A l’approche des César où, malgré les polémiques, Emilia Pérez est l’un des favoris, l’autrice et militante transféministe Daisy Letourneur et la critique d’art Ana Mendoza Aldana analysent le film.
Emilia Pérez de Jacques Audiard est l’un des grands succès publics et critiques de l’année 2024 en France. Multi-récompensé depuis le Festival de Cannes et nommé dans les plus grands cérémonies internationales, le long-métrage présenté comme une comédie musicale est nommé 12 fois aux César (c’est beaucoup), notamment dans les catégories reines Meilleur film et Meilleure réalisation.
Depuis qu’une journaliste a trouvé les tweets racistes, islamophobes et antisémites de l’actrice principale, Karla Sofía Gascón, le discours médiatique tourne autour de cette polémique (bien méritée). Mais j’ai voulu me pencher sur le film en tant que tel, les médias grand public français ayant oublié, comme d’habitude, de demander leur avis aux personnes les plus concerné·e·s, à l’exception notable de Libération avec la chronique de Paul B. Preciado.
Synopsis officiel : Surqualifiée et surexploitée, Rita use de ses talents d’avocate au service d’un gros cabinet plus enclin à blanchir des criminels qu’à servir la justice. Mais une porte de sortie inespérée s’ouvre à elle, aider le chef de cartel Manitas à se retirer des affaires et réaliser le plan qu’il peaufine en secret depuis des années : devenir enfin la femme qu’il a toujours rêvé d’être.
Daisy Letourneur est l’autrice du livre On ne naît pas mec (éd. La Découverte, 2022). Femme trans et lesbienne, elle milite au sein de l’association Toutes des femmes. Ana Mendoza Aldana est curatrice et critique d’art. Elle est née et a grandi au Guatemala et vit en France depuis vingt ans.
Elles ont toutes les deux été voir le film en salles. Daisy Letourneur avait lu le synopsis bien avant Cannes et c’était déjà pour elle un énorme red flag : « le parcours d’une cheffe de gang qui transitionne pour échapper à ses crimes, c’est un cliché de telenovela, pas vraiment la promesse d’une vision sensible de nos parcours. » Elle s’attendait donc à voir ce qu’elle a vu, c’est-à-dire « l’idée que se fait un homme cis et hétéro (pour autant que je sache) de la transition. »
Ana Mendoza Aldana a failli sortir de la salle. « Le film est d’une violence abjecte non pas tant par les sujets qu’il aborde, mais par la manière dont il le fait : avec une ignorance prétentieuse complètement décomplexée. Tout est caricatural et superficiel. »

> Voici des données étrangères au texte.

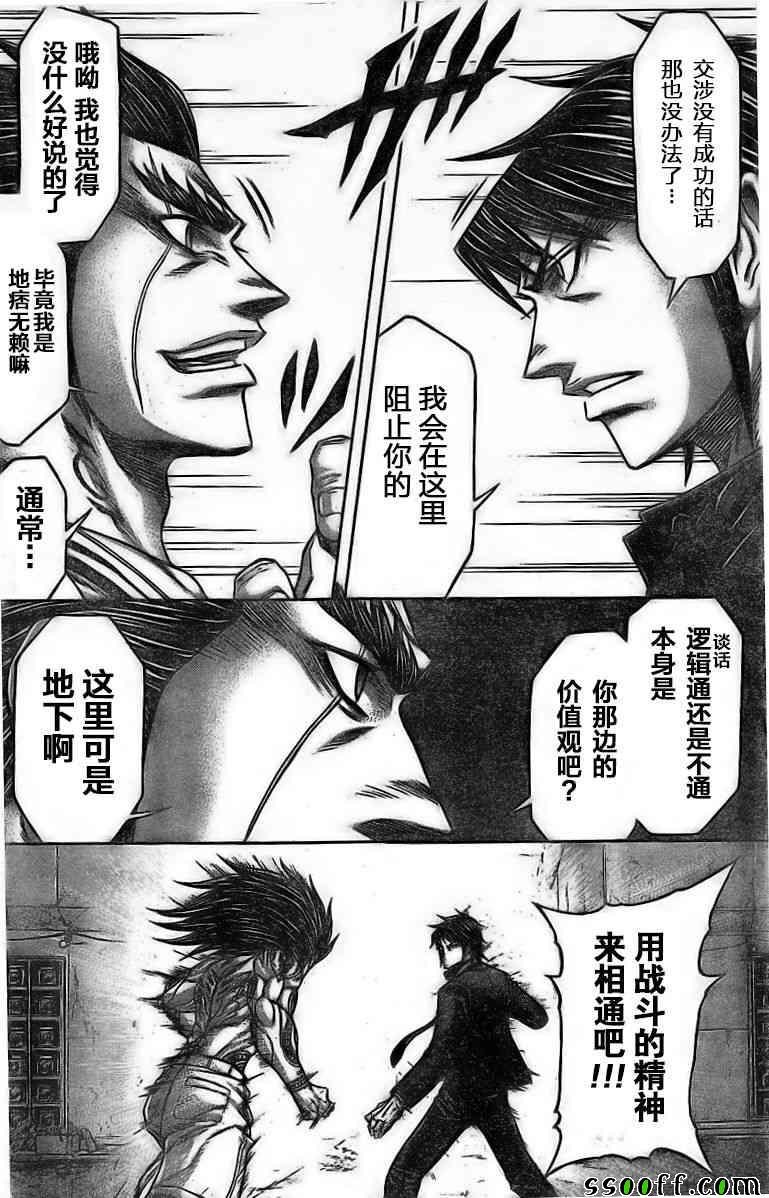 第176话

Des exemples ? La transition d’Emilia Pérez nous est racontée à travers son parcours chirurgical, avec notamment la fameuse chanson from penis to vagina, une sorte de checklist médicale devenue virale sur les réseaux tant on dirait un extrait d’un épisode de South Park. Dans les paroles d’une chanson que personne durant la fabrication du film n’a visiblement jugé bon de remettre en cause, l’un des enfants d’Emilia trouve qu’elle sent le Mexique, c’est-à-dire « la nourriture épicée, » « le mezcal et le guacamole » (on n’est pas loin d’une caricature digne de la mascotte des biscuits Pépito.) Le sujet du narcotrafic sert uniquement à poser « le décor exotisant de ce qui paraît au regard occidental comme une tragédie désolante mais abstraite, lointaine et inévitable de pays tiers-mondiste. La réalité et sa complexité sont réduites à des signes grossiers que l’on peut consommer facilement. » explique Ana Mendoza Aldana.
Regard colonial
Pour elle, Emilia Pérez est représentatif d’un cinéma occidental empreint de regard colonial. Dans ses interviews, le réalisateur Jacques Audiard parle depuis la position d’un homme cis blanc dont la parole est recevable, même lorsque sa méconnaissance du sujet est assumée (il admet effectivement n’avoir pas fait beaucoup de recherches.) Ce regard colonial se voit dans les choix artistiques du film, explique Ana : « Avant la transition d’Emilia, Karla Sofía Gascón est maquillée avec ce qui relève presque d’un brownface : sa peau est fortement assombrie, elle porte une grande prothèse nasale et des ornements dentaires. Cet Autre, incarnation fantasmée d’une masculinité étrangère, criminelle, presque sauvage, a tout pour être rejetée et permet à un public blanc occidental de mieux s’identifier à la femme blanchie (dans les deux sens du terme) qui apparaît après l’opération. » Avec ces scènes, on imagine bien la façon dont Audiard se représente la société mexicaine : ultra violente, ultra virile et dangereuse.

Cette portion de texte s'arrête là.